Member of the Pennsylvania House of Representatives from the 100th district
- In office January 4, 1977 – November 30, 1984
- Preceded by: Sherman Hill
- Succeeded by: John Barley

Member of the Pennsylvania Senate from the 13th district
- In office January 1, 1985 – November 30, 2008
- Preceded by: Richard Snyder
- Succeeded by: Lloyd Smucker

Personal details
- Born: August 28, 1943 (age 83)
- Party: Republican
- Spouse: Martha Wilson
- Education: Westminster College

= Gibson E. Armstrong =

American politician

Gibson E. Armstrong (born August 28, 1943) is an American politician from Pennsylvania who served as a Republican member of the Pennsylvania State Senate for the 13th district from 1984 to 2009. He was a member of the Pennsylvania House of Representatives for the 100th district from 1977 to 1984.

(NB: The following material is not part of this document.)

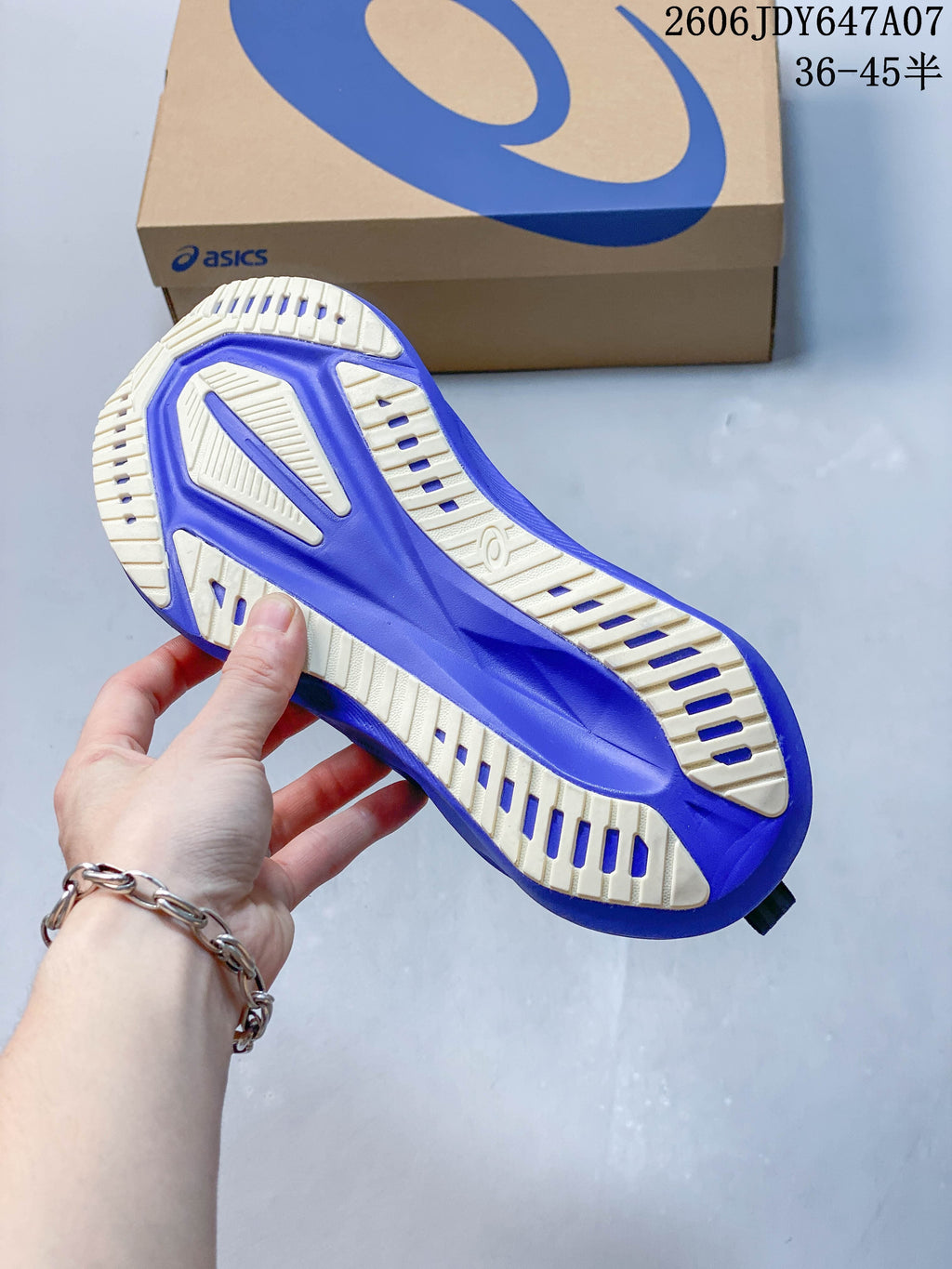 Underside of a running shoe showing a cream and purple outsole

==Early life and education==
Armstrong was born in Butler, Pennsylvania to S. Gibson and Helene Burns Armstrong. He graduated with a BBA from Westminster College in 1965. He served as a Captain in the U.S. Marine Corps from 1966 to 1969 in the Vietnam War.

==Career==
Armstrong chaired the Appropriations Committee and Banking and Insurance Committees and was a member of the Finance Committee, Labor and Industry Committee, Rules Committee and the Urban Affairs Committee.

His son, Gibson C. Armstrong, held his father's former state house seat from 2002 to 2006, when he was defeated in the Republican primary due to voter anger at the 2005 legislative pay raise. The elder Armstrong had supported, voted for and accepted the pay raise, while the younger Armstrong voted against it and did not take it.